*** Source material ***
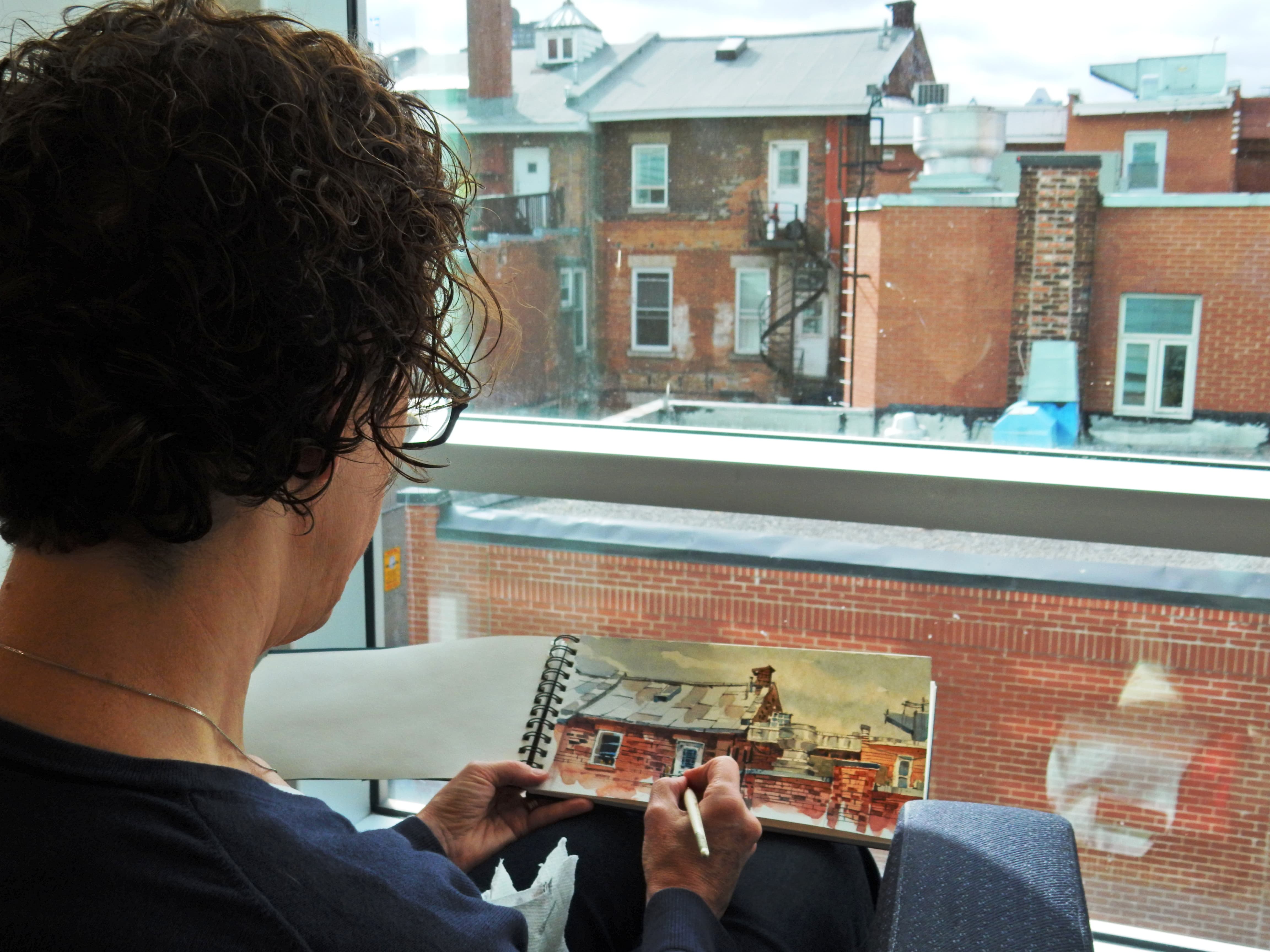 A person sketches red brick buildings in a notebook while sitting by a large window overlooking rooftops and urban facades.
*** End of Source material ***
*** Source material ***
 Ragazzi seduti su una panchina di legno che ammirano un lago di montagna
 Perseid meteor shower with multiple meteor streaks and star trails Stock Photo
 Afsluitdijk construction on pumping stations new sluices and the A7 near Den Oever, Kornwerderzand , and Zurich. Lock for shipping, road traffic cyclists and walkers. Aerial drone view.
*** End of Source material ***
*** Source material ***
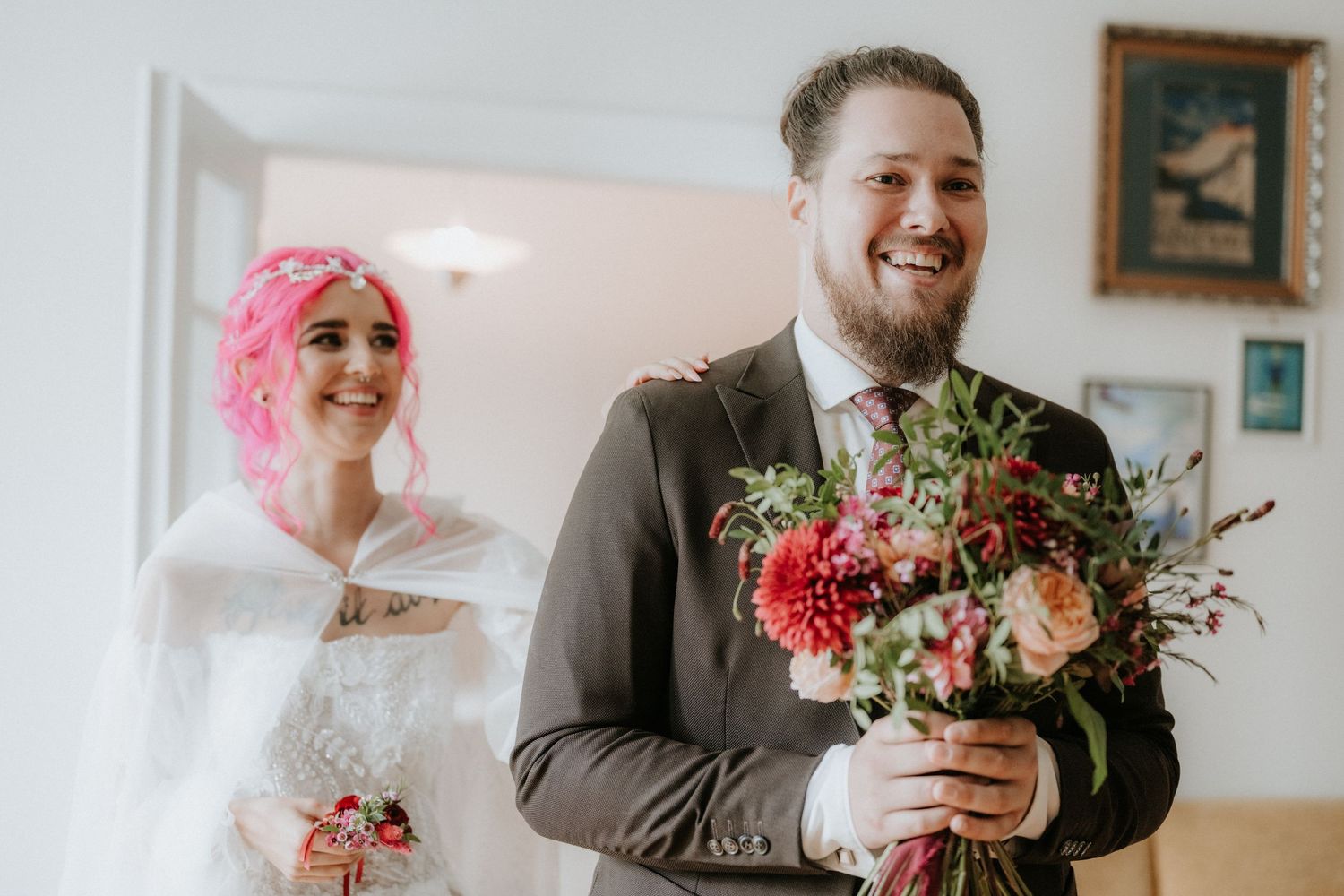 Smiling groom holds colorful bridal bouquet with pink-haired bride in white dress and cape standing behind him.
*** End of Source material ***
**What to produce**
Above are the lines; repeat exactly the ones from the line containing "Ragazzi seduti su" down to the line containing "Afsluitdijk construction on", both inclusive.

**Output for this exercise**
 Ragazzi seduti su una panchina di legno che ammirano un lago di montagna
 Perseid meteor shower with multiple meteor streaks and star trails Stock Photo
 Afsluitdijk construction on pumping stations new sluices and the A7 near Den Oever, Kornwerderzand , and Zurich. Lock for shipping, road traffic cyclists and walkers. Aerial drone view.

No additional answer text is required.